HUD Documentation — Evaluations and RL Environments.

Tasks define what agents should do and how to measure success. They combine a prompt, environment configuration, and optional setup/evaluation phases.

Lifecycle

Task Structure

from hud.datasets import Task
import uuid

task = Task(
    # Required fields
    prompt="Navigate to the login page and sign in as [email protected]",
    mcp_config={
        "hud": {
            "url": "https://mcp.hud.ai/v3/mcp",
            "headers": {
                "Authorization": "Bearer ${HUD_API_KEY}",
                "Mcp-Image": "hudpython/hud-browser:latest"
            }
        }
    },
    
    # Optional fields
    id=str(uuid.uuid4()),  # Required for HuggingFace datasets
    system_prompt="You are an expert web automation agent.

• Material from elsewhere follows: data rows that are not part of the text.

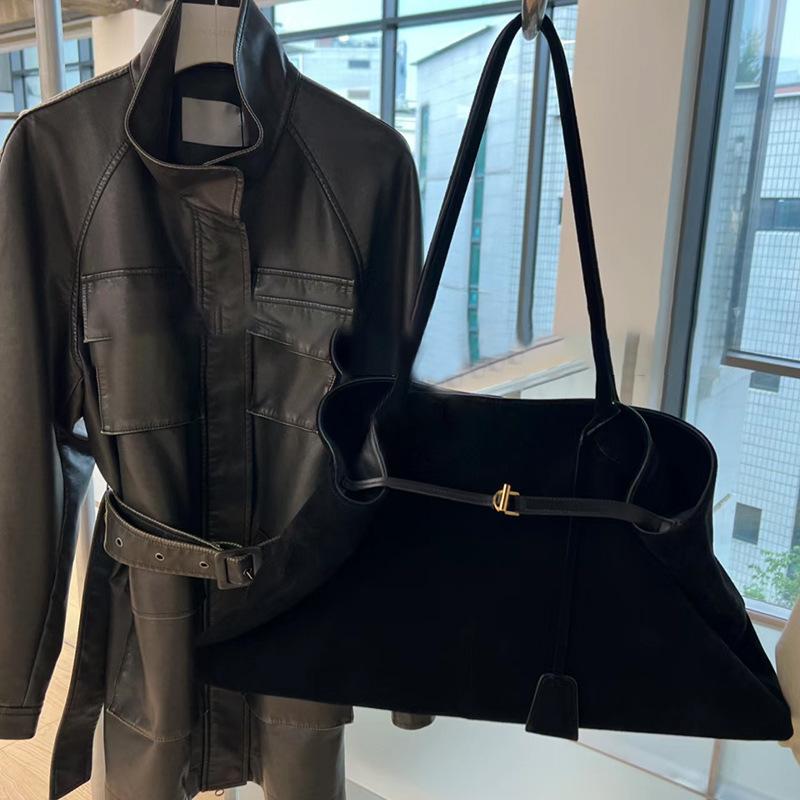 Повседневная простая сумка через плечо из замши для женщин, универсальная кожаная сумка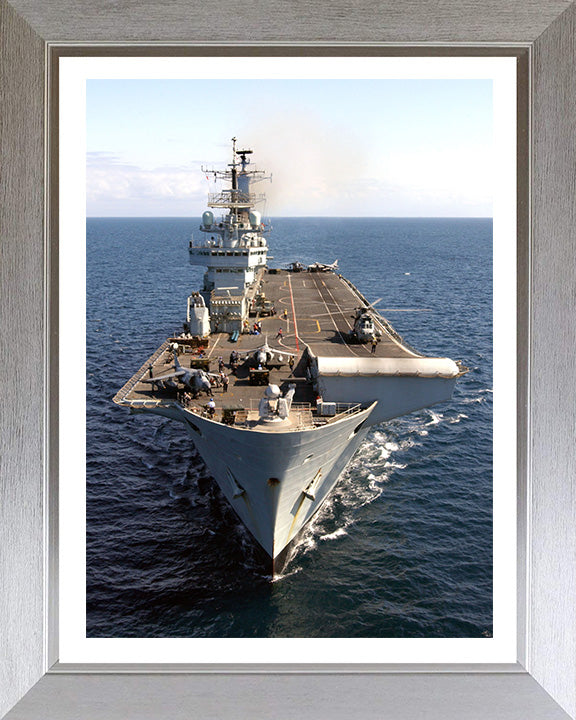 HMS Invincible R05 Royal Navy Invincible Class aircraft carrier Photo Print or Framed Print - Hampshire Prints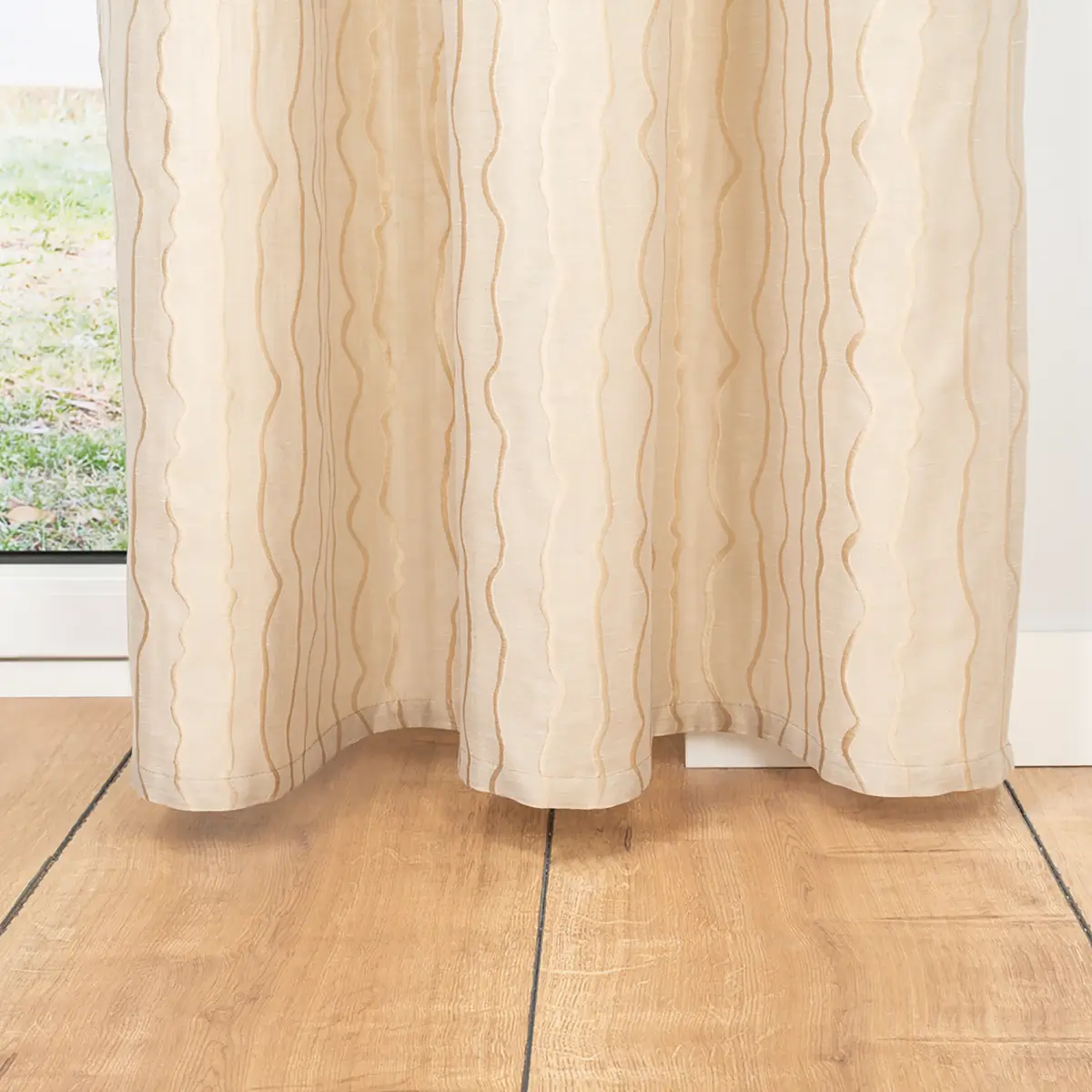 Ösenschal 135 x 245cm Beige/Sand | Beige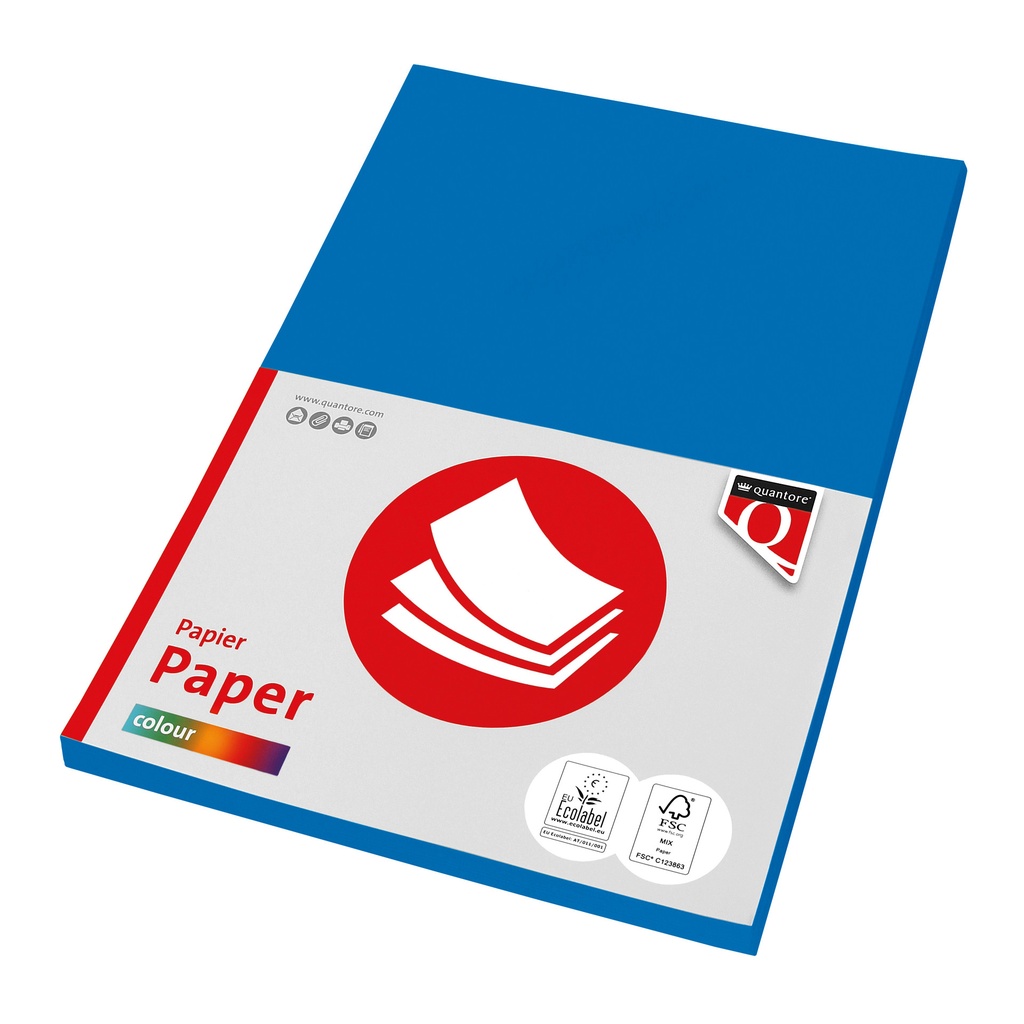 Kopieerpapier Quantore Col-100 A4 120gr diepblauw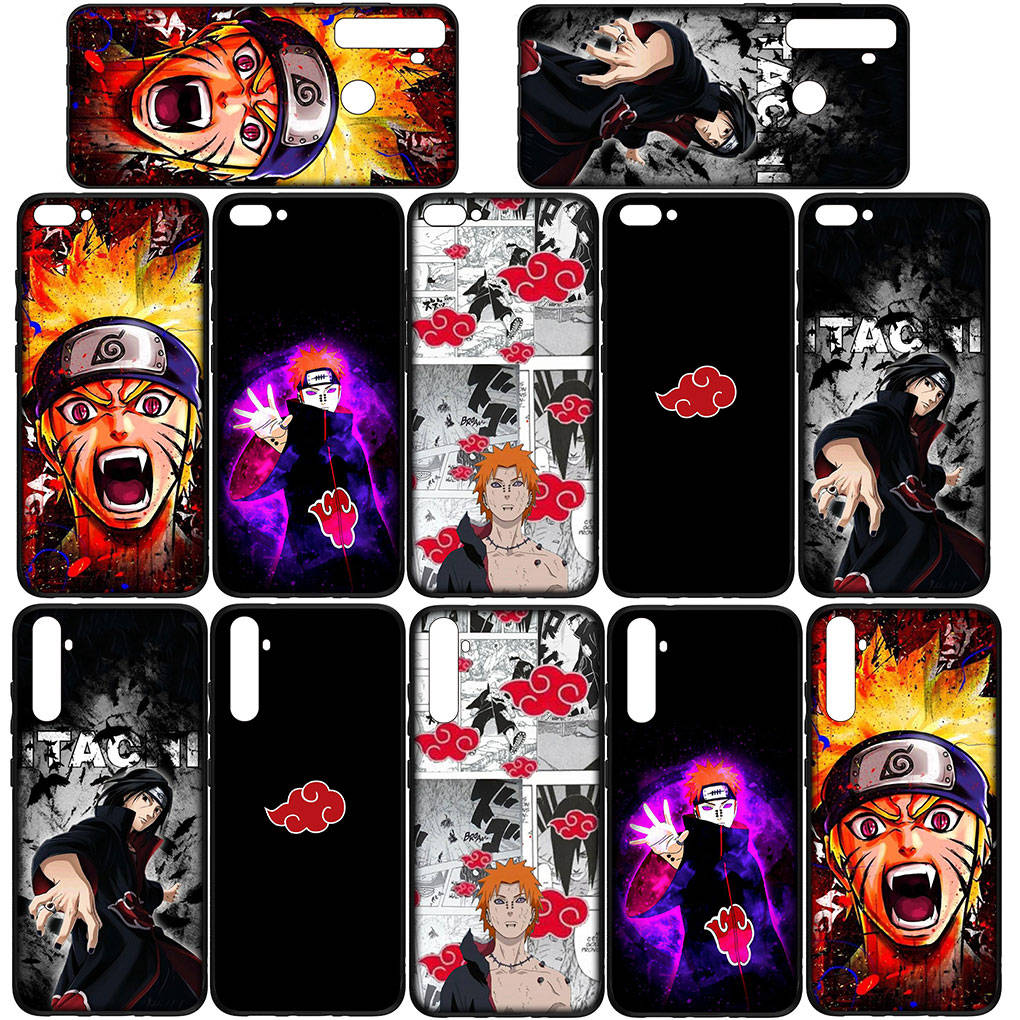 Чехол для Samsung Galaxy S25 S24 S23 iPhone 16 15 Xiaomi Redmi Note 14 13 12 16E 8 X 11 Pro Max XR OPPO Moto Huawei Akatsuki Pain Itachi Uchiha Naruto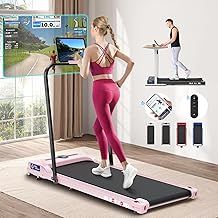 Walking Pad Treadmill, Under Desk Treadmills for Home Office with LED Display, Bluetooth Speaker, Remote Control, SL9-3 in 1, 2.2HP, 1-9KM/H, MS2-4 in 1, 3.2HP, 1-12KM/H, No Assembly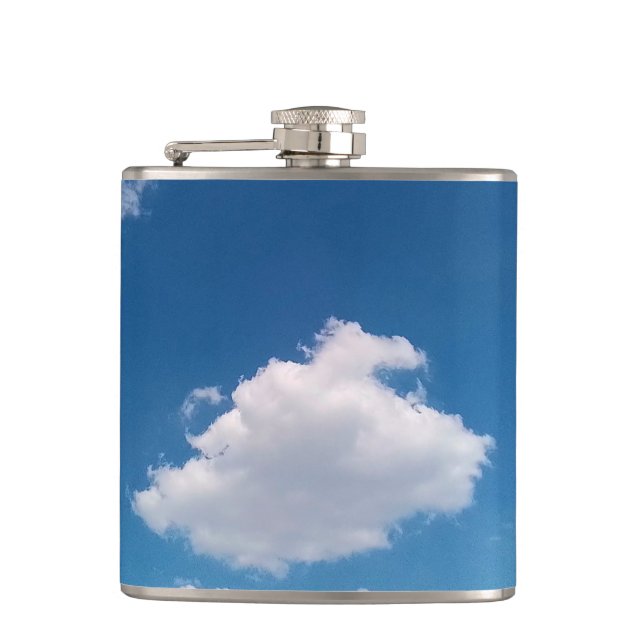 Petaca Una nube simple (Anverso)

Always verify page loads before interacting with elements.",
    setup_tool={
        "name": "playwright",
        "arguments": {
            "action": "navigate",
            "url": "https://example.com"
        }
    },
    evaluate_tool={
        "name": "evaluate",
        "arguments": {
            "name": "url_contains",
            "substring": "/dashboard"
        }
    },
    metadata={"category": "authentication", "difficulty": "easy"}
)

Environment Variables

# In dataset JSON:
{
    "prompt": "Complete the TODO list",
    "mcp_config": {
        "hud": {
            "url": "https://mcp.hud.ai/v3/mcp",
            "headers": {
                "Authorization": "Bearer ${HUD_API_KEY}",
                "Mcp-Image": "${BROWSER_IMAGE}"
            }
        }
    }
}

# When loaded:
task = Task(**task_dict)  # Variables resolved here!
# Now task.mcp_config["hud"]["headers"]["Authorization"] = "Bearer sk-hud-..."

This enables:

Public datasets without exposing secrets
Environment-specific configurations
CI/CD pipelines with different credentials

Running Tasks

# Agent automatically handles all phases
result = await agent.run(task)
print(f"Success: {result.reward}")  # 0.0 to 1.0

The agent will:

Execute setup_tool if provided
Work on the prompt using available tools
Execute evaluate_tool to calculate reward

Working with Datasets

Tasks integrate with HuggingFace datasets:

from hud.datasets import run_tasks
from hud.types import AgentType
from hud.utils.tasks import load_tasks

# Load tasks from HuggingFace
tasks = load_tasks("hud-evals/SheetBench-50")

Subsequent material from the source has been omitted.